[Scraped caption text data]
>>>>>
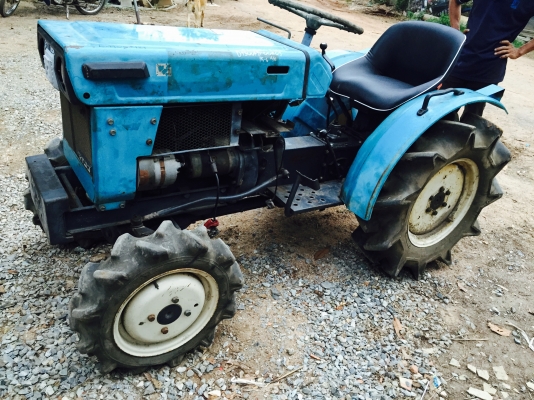 ขายรถไถ mitsubishi 13แรง 4wd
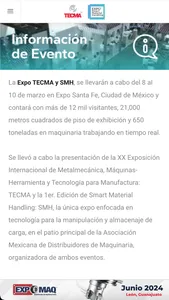 Expo Tecma-SMH screenshot 3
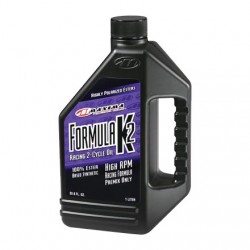 Maxima Formula K2 2T 2-Stroke Synthetic Racing Premix Oil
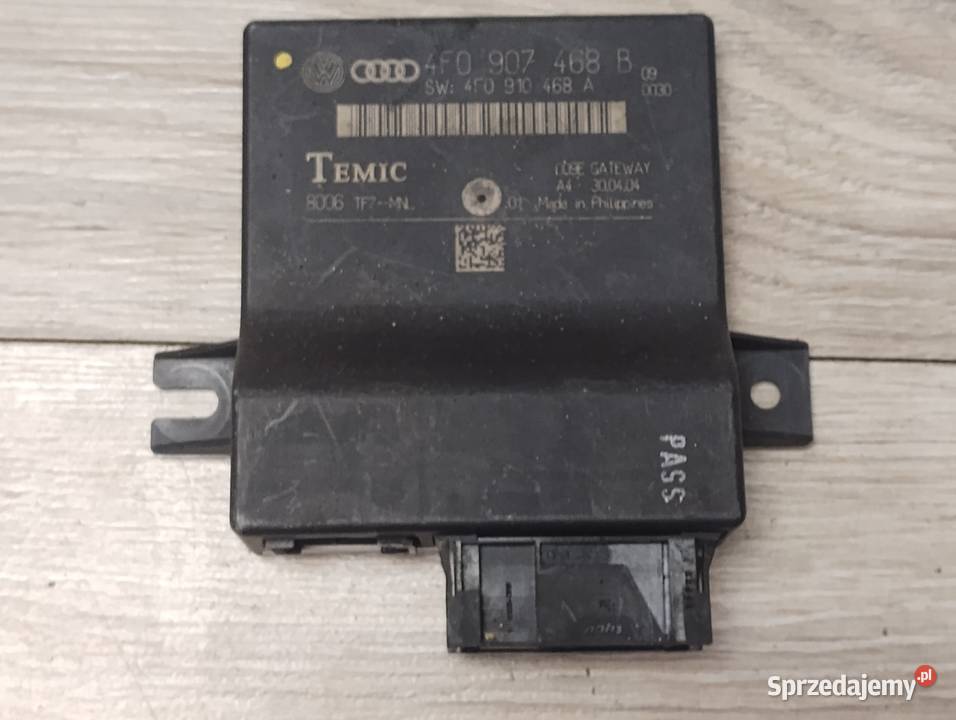 STEROWNIK MODUŁ AUDI A6 C6 Gdańsk sprzedam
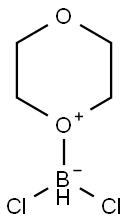 DICHLOROBORANE-DIOXANE COMPLEX Struktur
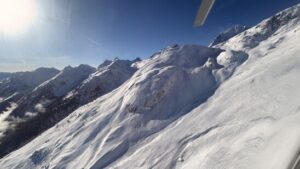 Snowboarder bei Lawinenabgang in Kippel VS verletzt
<<<<<
__Task details__. Repeat the entries exactly, pictures left out.

__Answer section__.
 ขายรถไถ mitsubishi 13แรง 4wd
 Expo Tecma-SMH screenshot 3
 Maxima Formula K2 2T 2-Stroke Synthetic Racing Premix Oil
 STEROWNIK MODUŁ AUDI A6 C6 Gdańsk sprzedam
 DICHLOROBORANE-DIOXANE COMPLEX Struktur
 Snowboarder bei Lawinenabgang in Kippel VS verletzt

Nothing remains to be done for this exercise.